E come quei che con lena affannata,

uscito fuor del pelago a la riva,

si volge a l’acqua perigliosa e guata,

così l’animo mio, ch’ancor fuggiva,

si volse a retro a rimirar lo passo

che non lasciò già mai persona viva.

Questa è la prima similitudine della Commedia. A queste cose noi dobbiamo stare attenti. Dante non fa nulla a caso. Dante ha sempre un piano.

Se la prima parola in rima del suo poema è “vita” un motivo c’è. Se l’ultima parola di ogni cantica è “stelle” un motivo c’è. Se la prima similitudine del poema è la similitudine di un naufrago un motivo c’è.

Dante è appena uscito dalla selva oscura.

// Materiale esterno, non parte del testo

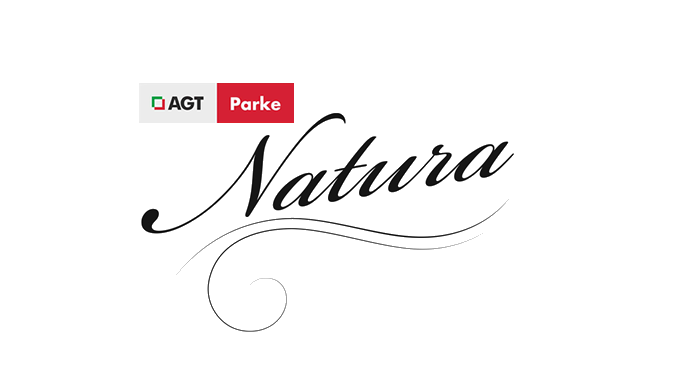 AGT Natura Select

Davanti a sé vede la salvezza: un colle illuminato dal sole. E si guarda indietro.

Proprio come il naufrago che, approdato alla spiaggia, si volta indietro e guarda il mare gonfio di pericoli. Rimira quel “passo” che nessuno mai è riuscito a superare. Perché il mare è un mare di morte. E in quel mare si muore. Muoiono tutti.

Pellegrino, naufrago, sopravvissuto

Psicologicamente il pellegrino che si salva dalla selva oscura è come il naufrago che arriva a toccare terra. Unico sopravvissuto. E proprio per questo, forse, Dante fa questo cammino per noi (“Nel mezzo del cammin di nostra vita”).

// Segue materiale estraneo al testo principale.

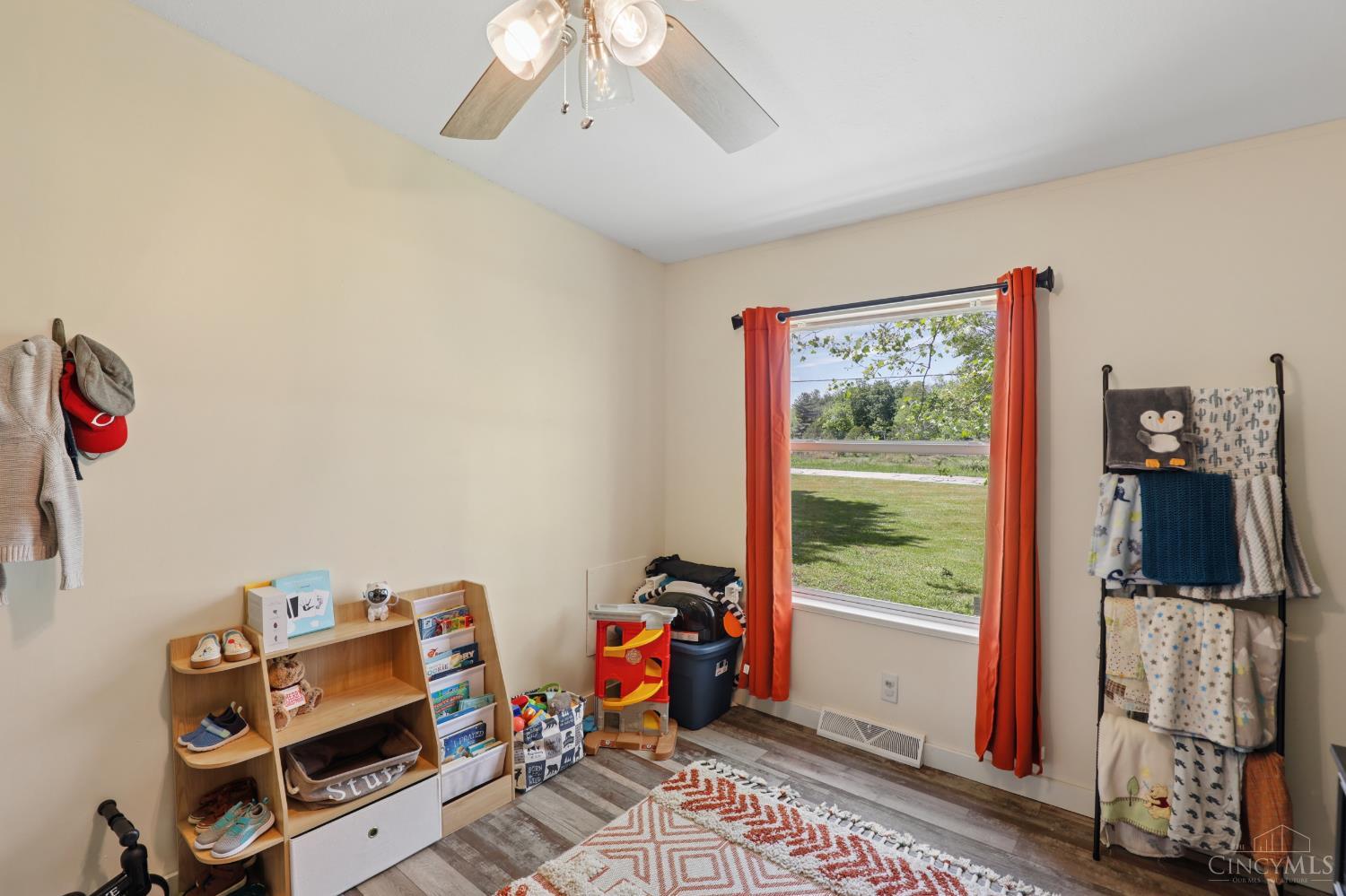 1048 Richey Road Felicity, OH 45120 - Photo 29 of 43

Roberto Filippini, New Islands, particolare.

Per aiutarci a superare sani e salvi quelle acque  selvagge. Lui ce l’ha fatta, per questo ce la dobbiamo fare anche noi. Il come, poi, sarà l’oggetto della Commedia.

Ma Dante non scrive la sua opera in una posizione “comoda”. Non è l’intellettuale che scrive col suo pc da qualche attico di Manhattan, come taluni si immaginano ormai che sia certi la figura dell’artista/intellettuale.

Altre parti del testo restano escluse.